# Google Nik Collections now free, should I install in Lightroom



## wtlloyd (Mar 24, 2016)

Well, I'm a little hazy on this - I avoid going outside of Lightroom as much as possible. 
Downloaded the newly free Nik Collections. I've no previous experience with them. There are two options presented for install, either to Photoshop or Lightroom. Should I install to either, or both?


----------



## Johan Elzenga (Mar 24, 2016)

Install in both. You don't have to use it...


----------



## Rob_Cullen (Mar 24, 2016)

Install to both.
One advantage with Photoshop is that you can apply NIK as a 'Smart' Filter to a Smart Object layer. Hence any adjustments are forever available if image is saved with layers (tiff or psd)


----------



## clee01l (Mar 24, 2016)

AFAIK, the Nik Collection has not been updated since Google bought Nik (2009?).  For those of us that paid Google $150, thanks. 
I've since migrated to a more suitable product On1's Photo10


----------



## Ian.B (Mar 24, 2016)

JohanElzenga said:


> Install in both. You don't have to use it...


My feelings also . 

I got them when google offered the same deal a few years ago. Don't use them much but handy to have imo


----------



## wtlloyd (Mar 25, 2016)

thanks, folks. I'll install in both. Don't know how much I'll use it, which is why I never _paid _for it, but I'm sure to play with it if it's free...


----------



## johnbeardy (Mar 25, 2016)

I'm quite a fan of Silver Efex Pro, partly because of B&W and partly because I've always felt it's a really well-designed application. 
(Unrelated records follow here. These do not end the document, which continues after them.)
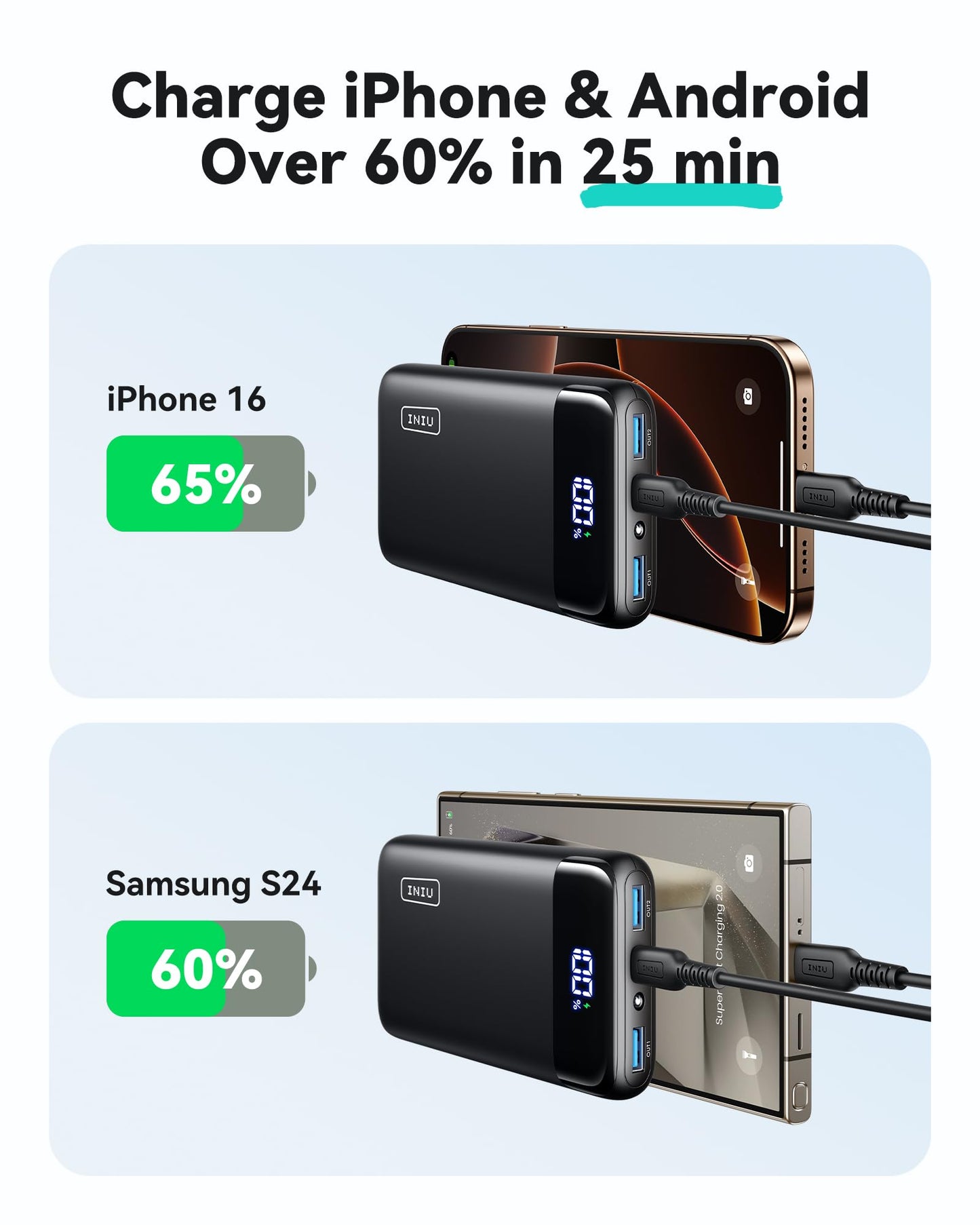 INIU Portable Charger, Smallest 22.5W 20000mAh USB C in & Out Power Bank Fast Charging, PD 3.0+QC 4.0 LED Display Phone Battery Pack Compatible with iPhone 17 16 15 14 Pro Samsung S24 Google iPad etc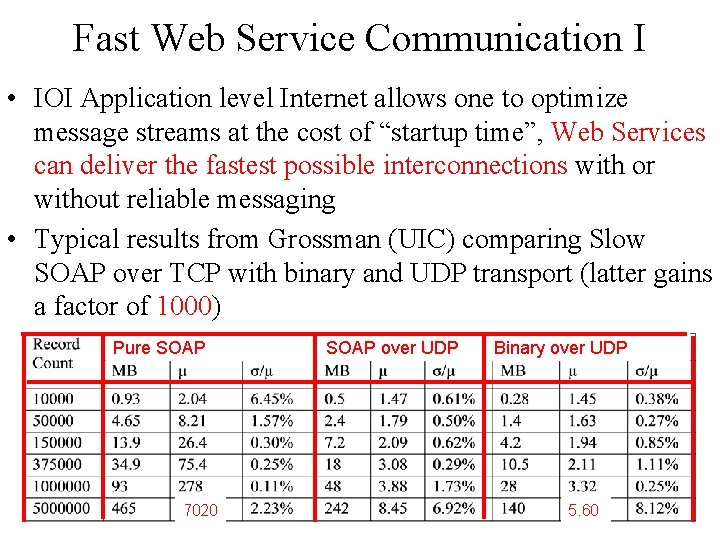 Fast Web Service Communication I • IOI Application level Internet allows one to optimize Fast Web Service Communication I • IOI Application level Internet allows one to optimize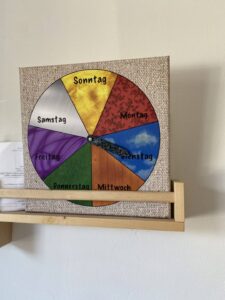 Die Wochenuhr übersicht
I don't think SFX produces better B&W images, but a different tool makes you make different creative decisions and sometimes you'll prefer the result from SFX over Lr, and vice versa.

As far as it being well-designed, the one thing it gets wrong is that setting the Color Filter isn't obviously the first thing you do. I'd recommend you always visit this panel first. Secondly, learn how to use control points both to adjust specific areas and to place extra control points to protect nearby areas. Third, if you also have Photoshop, the best workflow is Lr > PS as a Smart Object -> SFX. This "smart filter" method allows you to revisit and fine tune your SFX work afterwards by double clicking the smart filter - all its adjustments remain editable.

John


----------



## sizzlingbadger (Mar 25, 2016)

I agree SFX is definitely the best of the tools in the NIK collection.


----------



## DMartin (Mar 25, 2016)

Really glad to see that someone has already asked the question about Nik Collection that was on my mind.  As a not-very-intensive and newbie LR6 user, I have installed 1 or 2 useful plugins/presets, but I don't want to bloat LR with something that is of little use.  Could ssomeone advise if any of the Nik Collection is really worth installing?  FWIW, most of what I do are simple adjustments, some graduated filter fixes, cropping, plus quite a bit of panorama and HDR - currently at my 'experimental' stage ... so advice appreciated. Thanks.


----------



## clee01l (Mar 26, 2016)

DMartin said:


> Really glad to see that someone has already asked the question about Nik Collection that was on my mind.  As a not-very-intensive and newbie LR6 user, I have installed 1 or 2 useful plugins/presets, but I don't want to bloat LR with something that is of little use.  Could ssomeone advise if any of the Nik Collection is really worth installing?  FWIW, most of what I do are simple adjustments, some graduated filter fixes, cropping, plus quite a bit of panorama and HDR - currently at my 'experimental' stage ... so advice appreciated. Thanks.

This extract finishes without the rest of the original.